Hanif: [0:29:53] Yeah, absolutely, and we need the strategic value add, honestly, like our board which is all our investors, the VCs, they are seasoned veterans that have all built multibillion-dollar companies, and they are important; they have been very helpful in helping us get this business to the scale it needs to be, and we are not even halfway there, so.
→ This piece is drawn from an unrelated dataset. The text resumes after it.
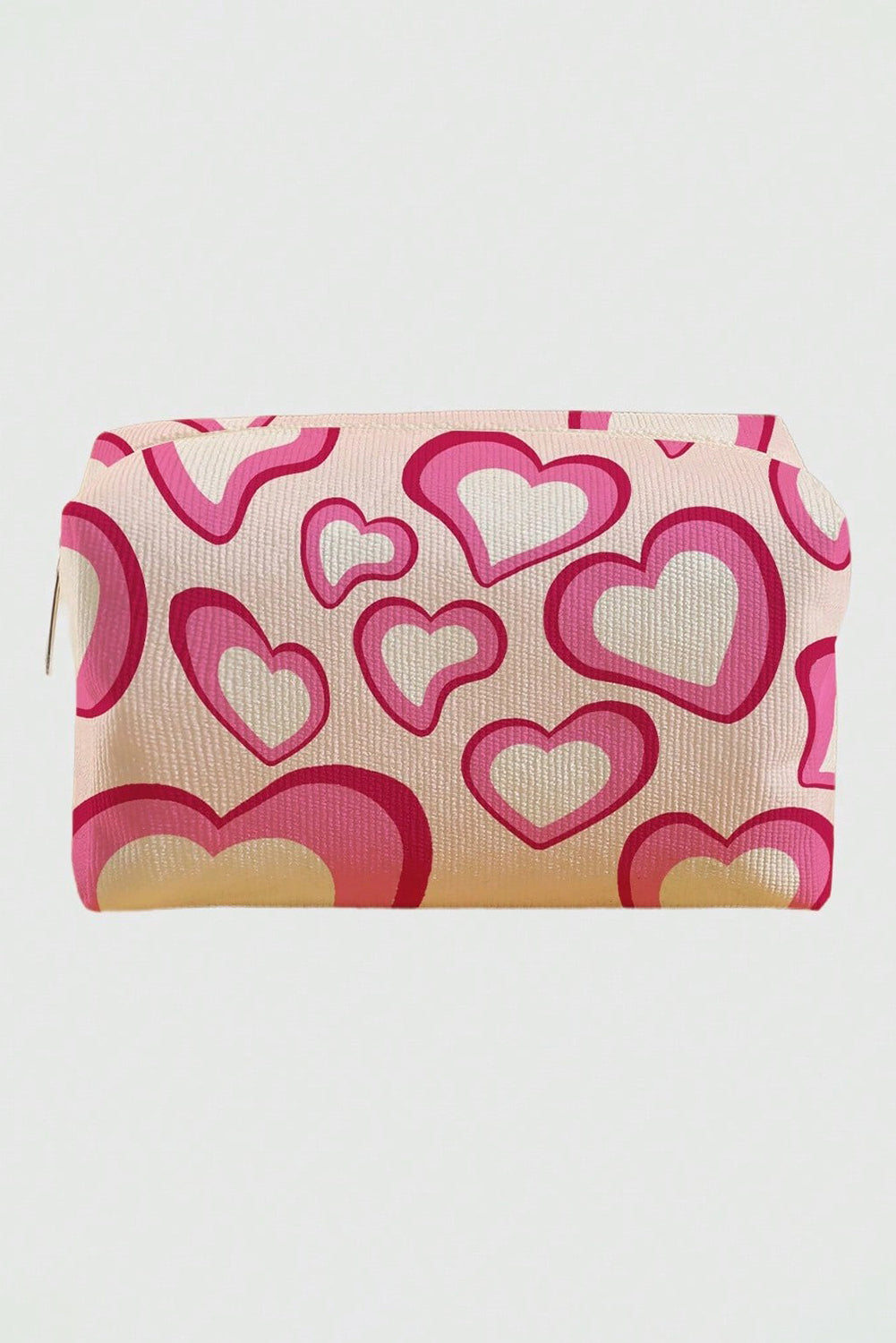 Blue Zone Planet | Pink Valentines Heart Printed Canvas Cosmetic Bag-Bags-[Adult]-[Female]-Pink-ONE SIZE-2022 Online Blue Zone Planet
Cory: [0:30:14] What has been the best process you have found to develop those relationships? Because I mean, like any of these –
Hanif: [0:30:20] Develop them early, yeah. Rapport is everything, credibility is everything, and those things are developed over time. So, I always say like, start talking to your A investors when you see the company and talking to us B investors when you do your A because if you have regular touch points and they see that say, in like – say, I’m sitting here today and I’m not going to raise for a year and I talked to a VC and say, I’m going to do A, B, and C this year, and at the end of the year, he has seen that I’ve done A, B, and C, he sees that I have capability, then they are investing in people as much as the idea this early, and so building that rapport is super important because at the end of the day, once you are raising money, you need an investor to believe in what you believe about the future, and that alignment on the future requires them to believe in you, and if you can build that over time, it’s a lot easier than trying to build that over a couple of meetings.
Cory: [0:31:20] So, just in looking at time, to wrap this up, what would be the advice you would give to both pre-public or public CEOs or even go on after venture? What are some of those touch points that what you would wrap up, those two or three touch points you would say they have to know and have to do?
Hanif: [0:31:41] Have a handle on your business ventures because regardless of who’s looking after your financing or who you are evaluating for which avenue, you are evaluating for financing, being very, very strong in terms of the key, whatever those metrics are that drives success and drive the performance of your business, knowing what those metrics are, knowing how they compared to the industry, knowing where you want them to go and having a well-articulated plan, or not like super convoluted indents, but if I do A, B, and C again from today or tomorrow, and being able to have a strong [inaudible] to those types of things, that is really what sets people apart. It is people asking financial questions, run rate questions, metric questions, and you have to say, “Oh, I don’t know,” and then we go look it up, and if you are not well articulated and the key value proposition points are not things that you can, at your fingertips, bring them, then you’re not going to come off a strong. At the end of the day, people value your value proposition and the value of your business and if you’re able to articulate that – and people form first impressions pretty quickly, and so if you are able to, in a small amount of time you are given with a specific person, if you are able to, with strength and confidence articulate those things, it goes a long way to kind of reserving your interest and making them want to dig in further.
Cory: [0:33:12] Well, Hanif, thanks so much for your time, looking forward –
Hanif: [0:33:15] You’re very welcome.
Cory: [0:33:16] Yeah.
Hanif: [0:33:17] Very welcome, thank you for your time.